- [Task description]: Keep the pictures out of your copy. Transcribe the records below exactly.

- [Data extracts]:
+++
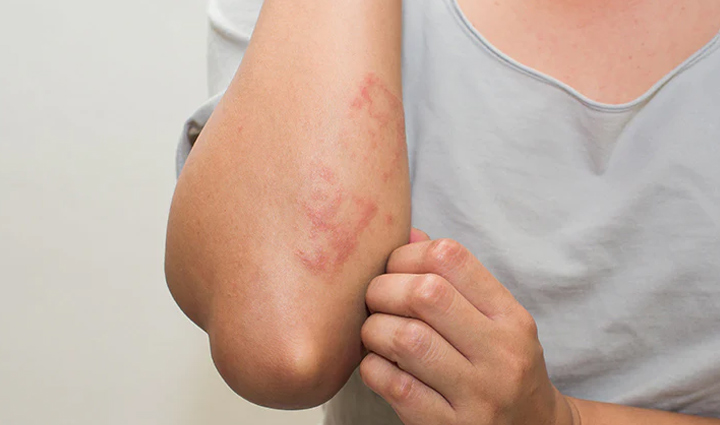 least known beauty benefits of walnuts,beauty tips,beauty hacks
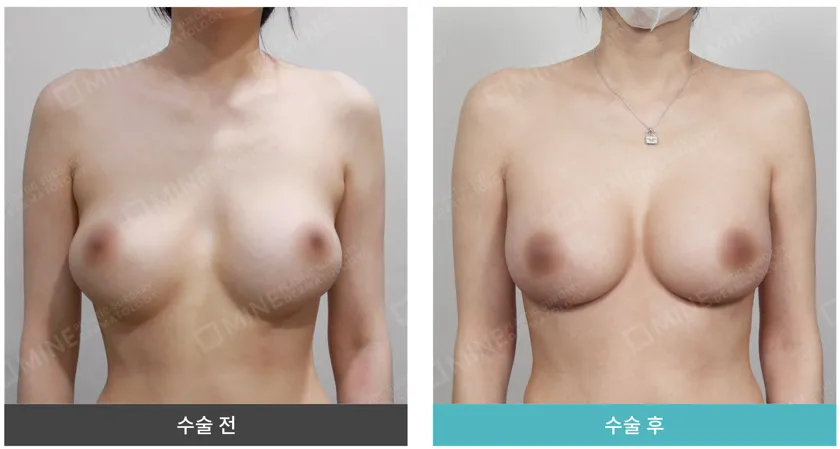 Before and after breast surgery showing improved breast shape after treating capsular contracture, performed at a professional plastic surgery clinic.
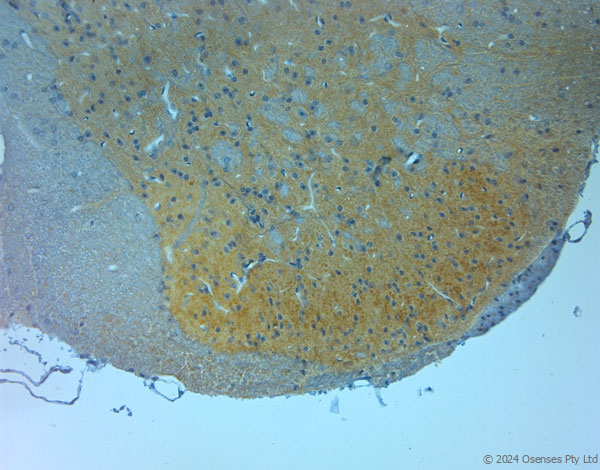 Rabbit antibody to NMDAR3A (990-1040)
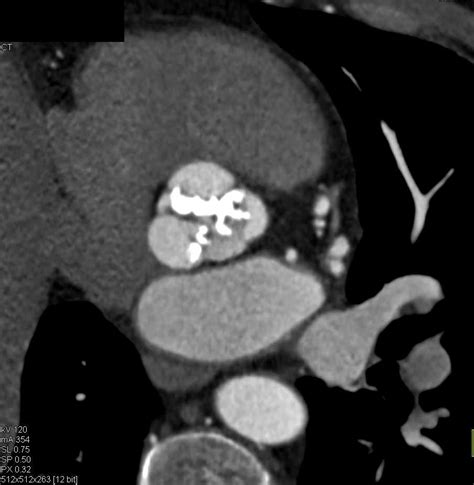 Aortic Stenosis With Extensive Aortic Valve Calcification Cardiac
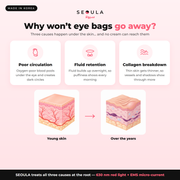 SEOULA Eyes™ Korean Under-Eye Device
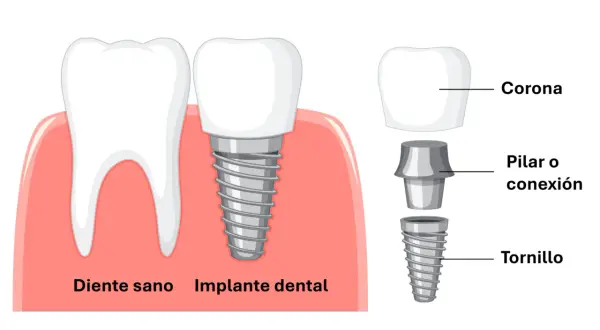 Ilustración de un diente sano y un implante dental con sus componentes: corona, pilar y tornillo dental.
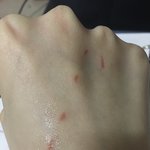 이걸로 피부과 가도돼???
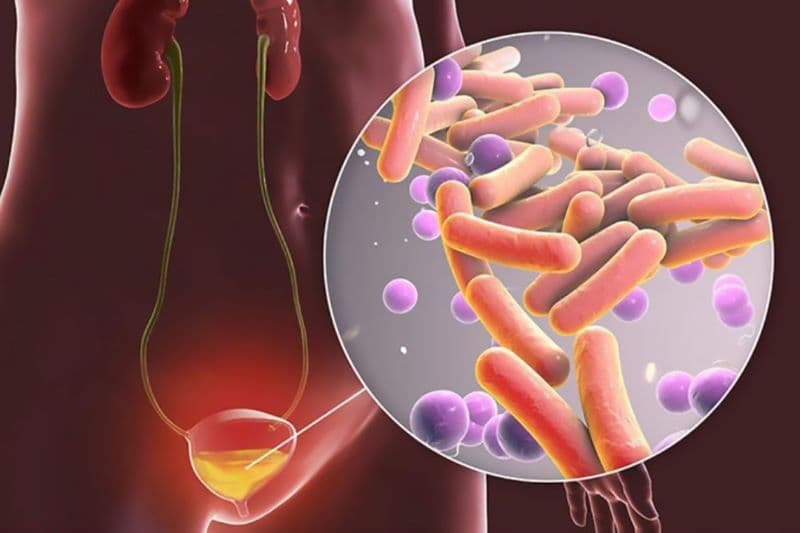nước tiểu có mùi tanh ở nữ
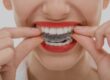 Taking Care of Your Invisalign Trays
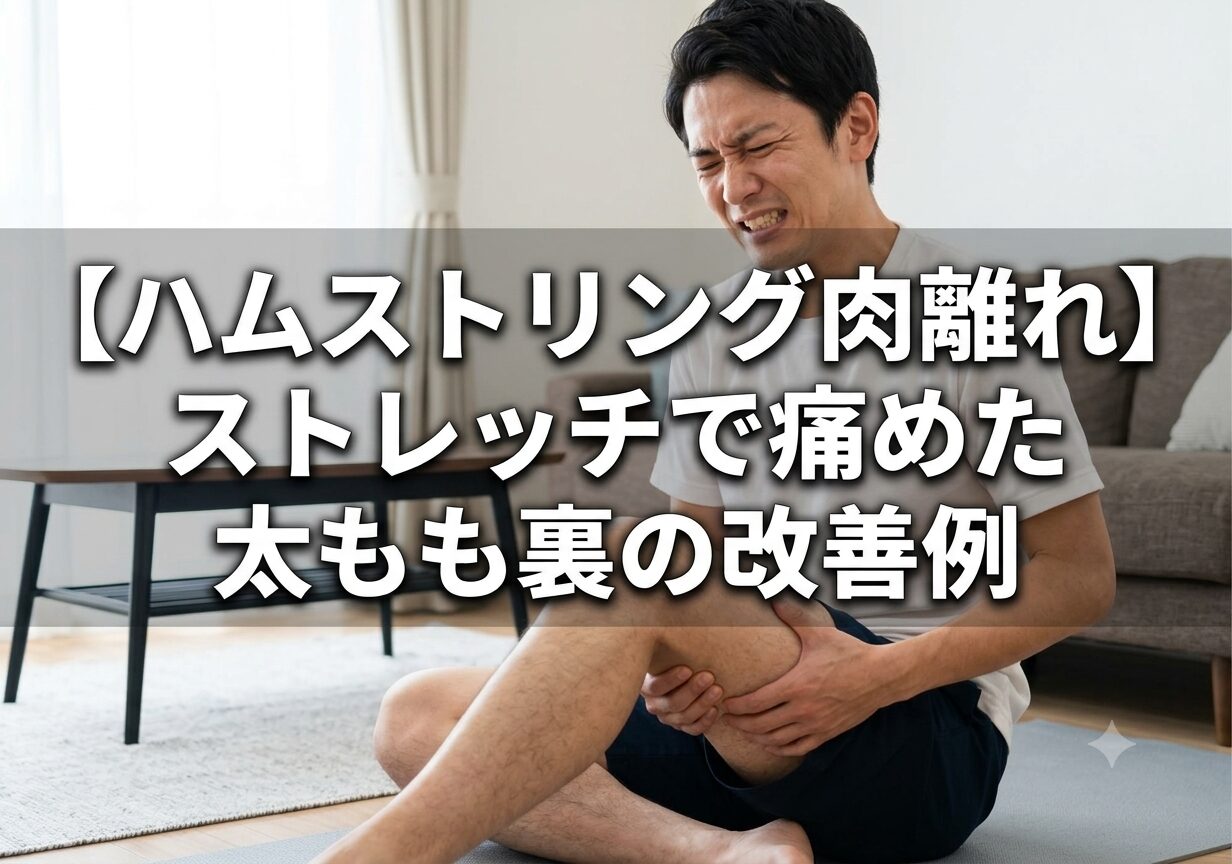 【ハムストリング肉離れ】ストレッチで痛めた 太もも裏の改善例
+++
- [Response box]:
 least known beauty benefits of walnuts,beauty tips,beauty hacks
 Before and after breast surgery showing improved breast shape after treating capsular contracture, performed at a professional plastic surgery clinic.
 Rabbit antibody to NMDAR3A (990-1040)
 Aortic Stenosis With Extensive Aortic Valve Calcification Cardiac
 SEOULA Eyes™ Korean Under-Eye Device
 Ilustración de un diente sano y un implante dental con sus componentes: corona, pilar y tornillo dental.
 이걸로 피부과 가도돼???
nước tiểu có mùi tanh ở nữ
 Taking Care of Your Invisalign Trays
 【ハムストリング肉離れ】ストレッチで痛めた 太もも裏の改善例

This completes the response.